Work to be completed:
Nothing but the lines from the one containing "مكفوله كير ومحرك على وضع الشركه" through the end of the data should be output, each reproduced exactly.

*** Opening Records shown ***

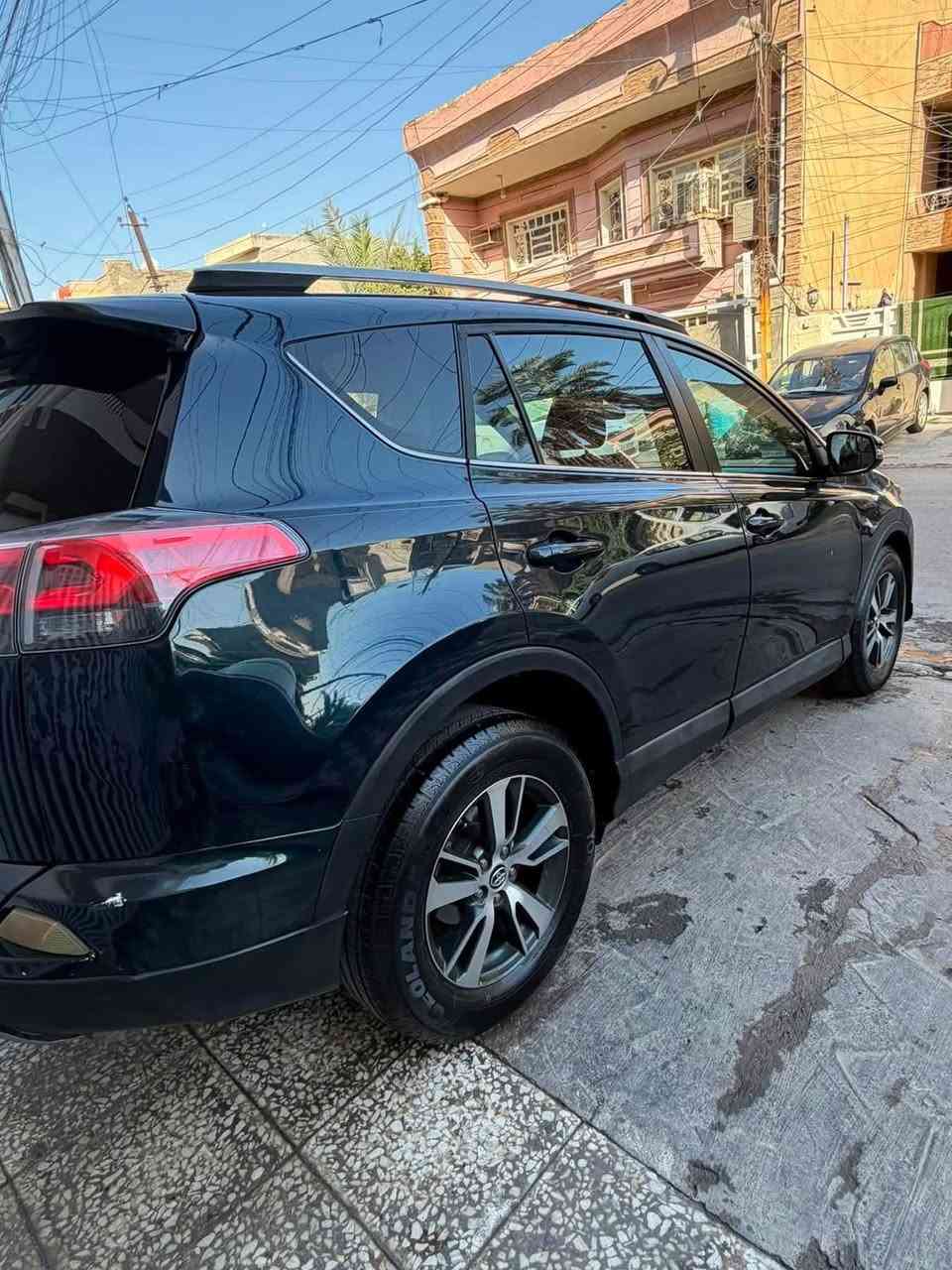 تويوتا راف فور 2018 XLE
رقم بغداد الانكليزي الجديد 

وارد امريكي 

حادث فقط دعاميات اماميه وخلفيه  وصبغ ربع الجامرلغ الخلفي الايسر (السونار موجود داخل المنشور) 

السياره ماشيه : 93 ميل 

مكفوله كير ومحرك على وضع الشركه 

الكشر كلش نظيف 

تبريد ثلج 

- [ ] ** المواصفات XLE

فتحه / تحكم ستيرن جهتين + كروس سرعه/ 3 انظمة قيادة/ تبريد بيانو/ اشاير بالمري/ شاشه لمس / بجم زينون اصلي 

الاتصال على الرقم
***********
السعر 154ورقه وبيها مجال بسيط
مكاني بغداد العامريه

*** Closing Records shown ***

Solution to the exercise:
مكفوله كير ومحرك على وضع الشركه 

الكشر كلش نظيف 

تبريد ثلج 

- [ ] ** المواصفات XLE

فتحه / تحكم ستيرن جهتين + كروس سرعه/ 3 انظمة قيادة/ تبريد بيانو/ اشاير بالمري/ شاشه لمس / بجم زينون اصلي 

الاتصال على الرقم
***********
السعر 154ورقه وبيها مجال بسيط
مكاني بغداد العامريه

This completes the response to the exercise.